● **The task**
Only the lines below from the one containing "Professionel sprint. Heino" through the one containing "Modern Integrated Space Capsule Game Chair" belong in the answer, repeated exactly and without pictures.

[Records contained in a dataset]
·····

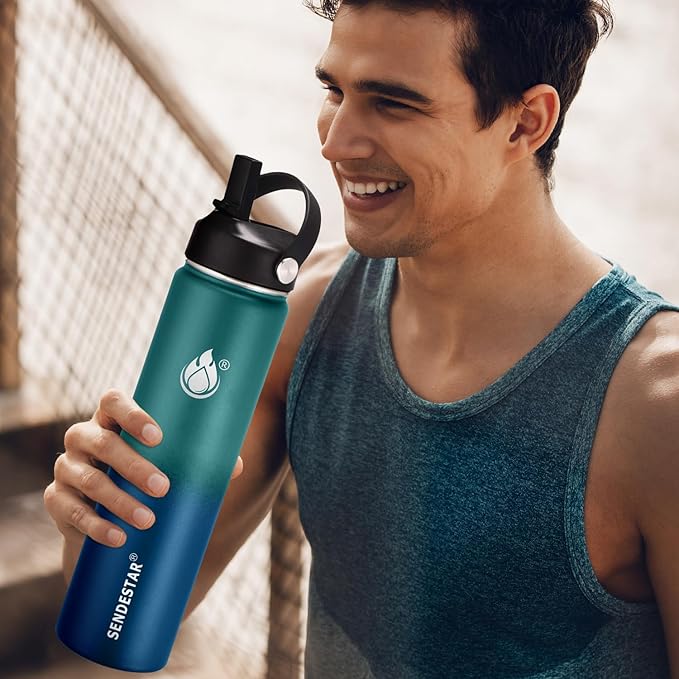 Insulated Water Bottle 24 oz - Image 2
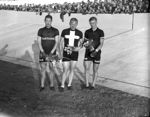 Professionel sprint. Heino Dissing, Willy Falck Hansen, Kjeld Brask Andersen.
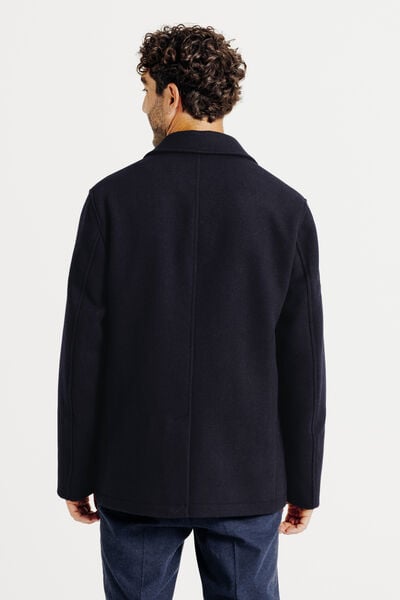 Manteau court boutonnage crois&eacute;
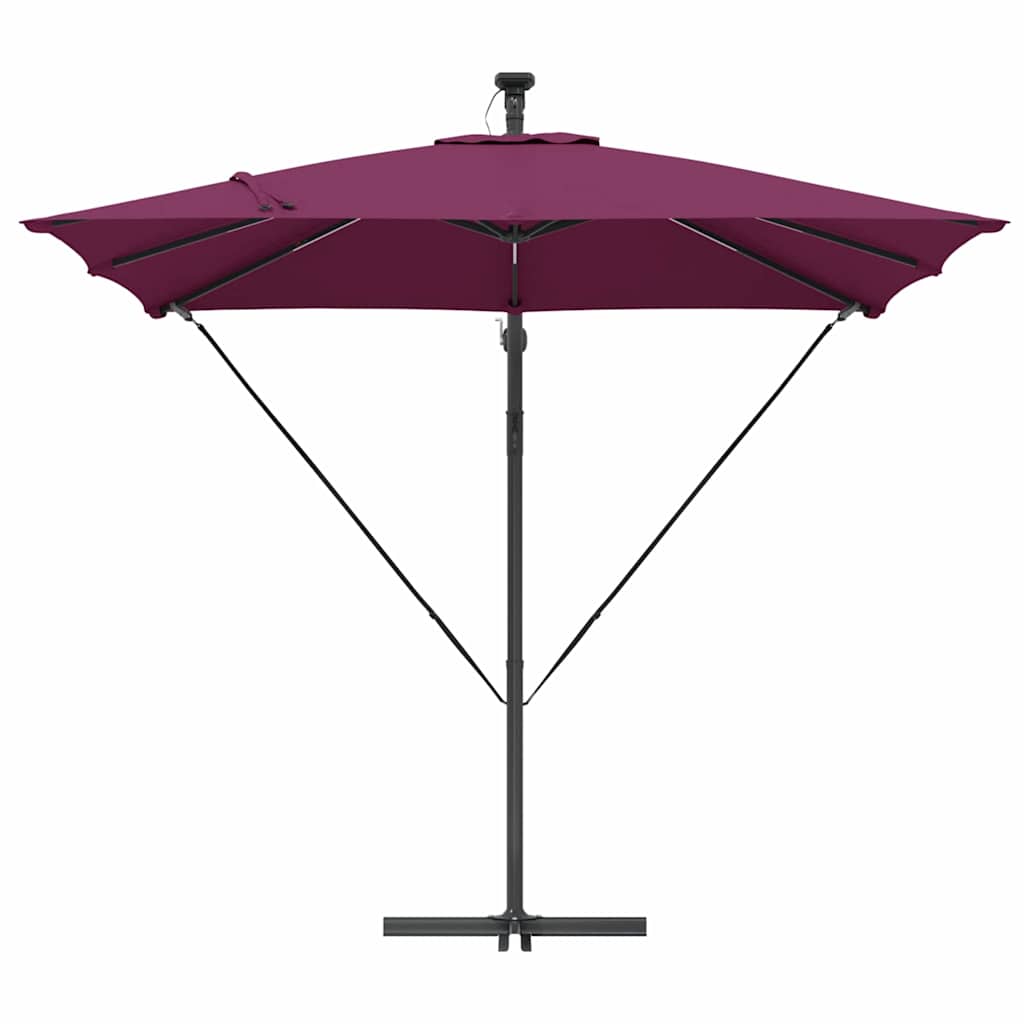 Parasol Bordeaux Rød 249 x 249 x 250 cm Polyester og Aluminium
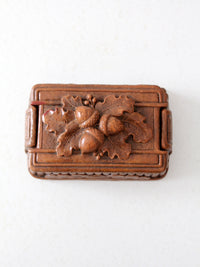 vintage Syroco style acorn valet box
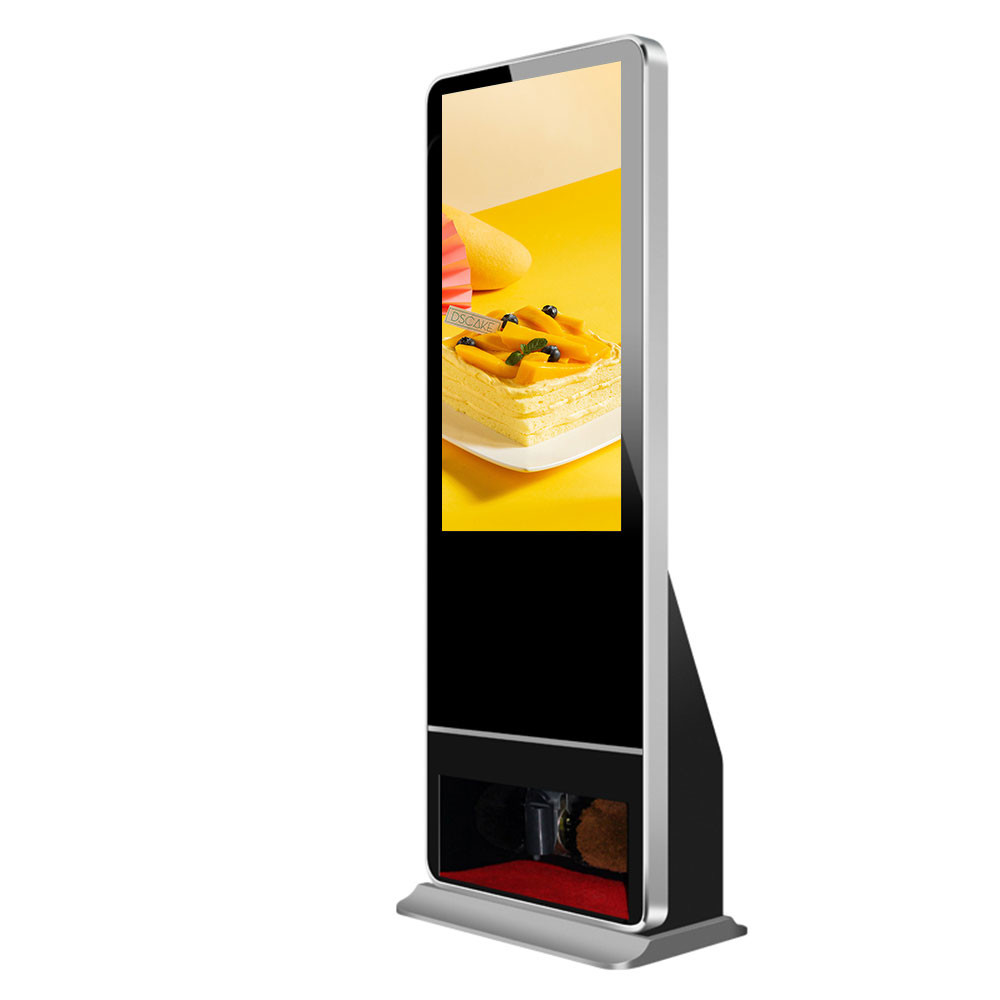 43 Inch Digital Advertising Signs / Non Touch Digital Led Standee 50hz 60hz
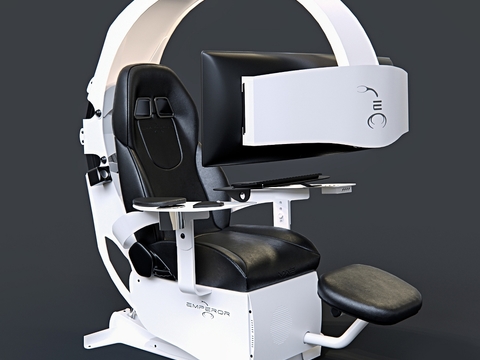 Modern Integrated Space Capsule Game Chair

·····

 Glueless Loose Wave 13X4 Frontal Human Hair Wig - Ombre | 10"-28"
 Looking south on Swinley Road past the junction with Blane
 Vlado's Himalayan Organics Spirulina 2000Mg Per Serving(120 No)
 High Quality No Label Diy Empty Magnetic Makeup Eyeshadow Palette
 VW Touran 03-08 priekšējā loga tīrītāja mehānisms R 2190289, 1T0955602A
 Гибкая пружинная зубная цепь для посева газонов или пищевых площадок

·····

● **Response**
 Professionel sprint. Heino Dissing, Willy Falck Hansen, Kjeld Brask Andersen.
 Manteau court boutonnage crois&eacute;
 Parasol Bordeaux Rød 249 x 249 x 250 cm Polyester og Aluminium
 vintage Syroco style acorn valet box
 43 Inch Digital Advertising Signs / Non Touch Digital Led Standee 50hz 60hz
 Modern Integrated Space Capsule Game Chair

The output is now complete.